If you can at all avoid that using flock() is generally better.

geofft · on May 31, 2016

http://0pointer.de/blog/projects/locking.html claims that flock() is less reliable over NFS (returns true without actually locking anything on Linux < 2.6.12 and "BSD" - not sure which BSDs or whether that's still true).

And my instinct is that in a networked scenario, you're at least as worried about a machine dying as a process on the machine (i.e. a network partition). A flock()-based lock doesn't clean itself up if the client is unreachable, does it?

avar · on May 31, 2016

Yes as I pointed out you don't want this if you're doing NFS.

Personally I prefer something like a MySQL table with GET_LOCK() to process things instead of NFS if I need multiple machines. It gives you flock() like semantics in that if a machine or client goes away the GET_LOCK() is automatically freed, i.e. it survives as long as the connection to the database survives.

Not having to deal with stale locks generally sucks way less than the extra overhead of a database.

For any NFS-based scenario you usually end up creating a "task" "task.underway" and "task.done" files as locks, and re-enqueuing tasks if you have a "underway" file that's too old without a "done" file.

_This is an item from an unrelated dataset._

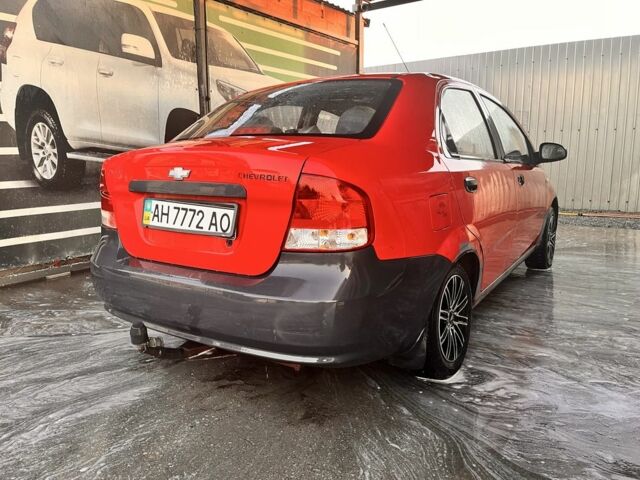 Красный Шевроле Авео, объемом двигателя 1.5 л и пробегом 250 тыс. км за 1800 $, фото 3 на Automoto.ua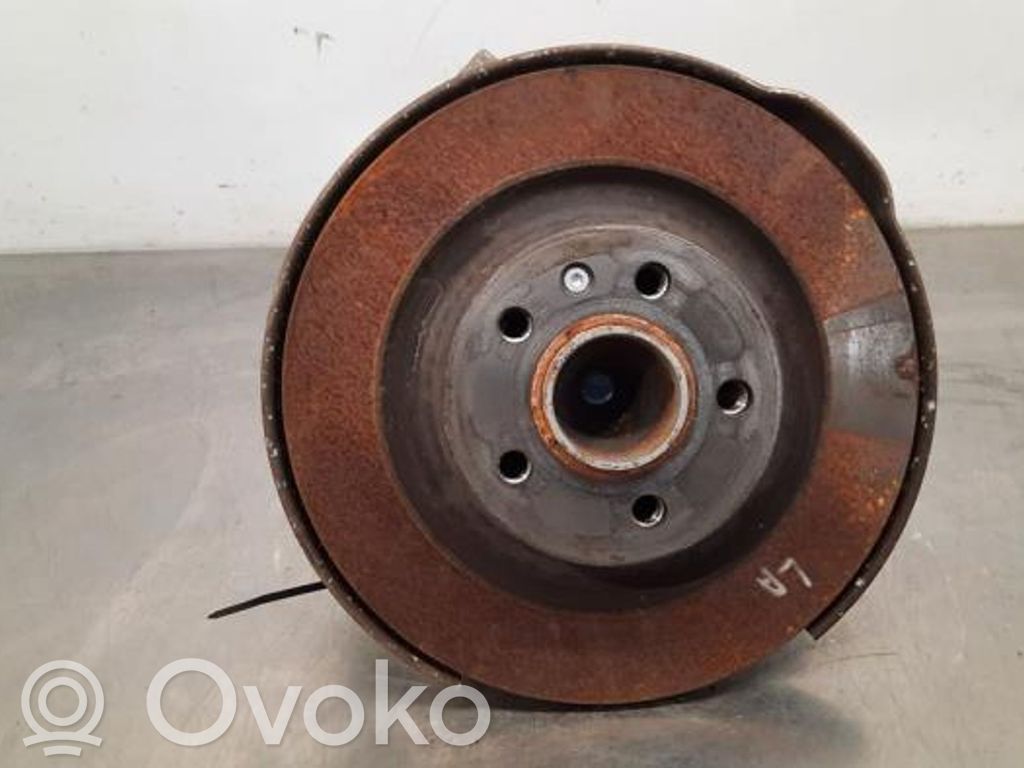 Volvo V60 Aizmugurē riteņa rumbas vārpstas šarnīrs (stupica, capfa)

You'd do the same with a MySQL table that you GET_LOCK() on, except you can safely re-enqueue "underway" tasks if you acquire the lock on them, since you know their consumers have gone away.

jonaf · on June 1, 2016

Technically, you're right that it's atomic to create a file. But creating a lock using a file can be deceptive and is a common pitfall in my experience. I have seen a lot of shell scripts take this form:

  if [ ! -f $FILE ] ; then
   touch $FILE
   # do something dangerous, assuming I have a lock
   rm $FILE
  fi

The problem here is, of course, that I've checked whether the file exists, but another process (even a concurrent execution of the same script) could remove $FILE after I've checked that it doesn't exist. Now I (or any other process) can happily proceed to create $FILE, thinking that no one else is executing simultaneously. Actually, if I ran two executions of this script at about the same time, they could both pass this check and executed the (mistakenly expectedly) "synchronized" block.

Of course, you don't have to use flock(1) to make this operation atomic. It just handles a lot of the extra work that I don't want to have to think about, even if I did set `noclobber` or something like that.